Dès qu’un nouveau juge conservateur est nommé, il y a toujours un risque de renversement pour Roe c. Wade. Toutefois, même si Brett Kavanaugh est assurément conservateur, il l’est beaucoup plus sur les questions de séparation des pouvoirs, de port d’armes, du droit des entreprises, des régulations gouvernementales et de liberté religieuse. Sur l’avortement, il est beaucoup moins absolutiste que d’autres magistrats.

Qu’est-ce qui vous permet de tirer cette conclusion?

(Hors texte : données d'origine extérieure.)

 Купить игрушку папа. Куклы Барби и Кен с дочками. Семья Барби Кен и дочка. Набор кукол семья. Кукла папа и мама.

Quand il a été nommé à la Cour d’appel, il a refusé de dire s’il était pour ou contre l’avortement. Il a simplement déclaré que son opinion personnelle n’était pas ce qui menait ses décisions et que, s’il était confirmé à son poste, il allait respecter l’arrêt. Or, c’est une chose de le dire quand on est confirmé à la Cour d’appel, une cour inférieure à la Cour suprême, c’en est une autre lorsqu’on siège à la plus haute cour du pays et qu’on a le pouvoir d’invalider Roe c. Wade. C’est pour ça que le processus de confirmation est important. Avant d’être confirmé dans son poste, il doit encore témoigner devant le Sénat. Il se fera certainement demander s’il compte revenir sur Roe c. Wade ou protéger le droit à l’avortement.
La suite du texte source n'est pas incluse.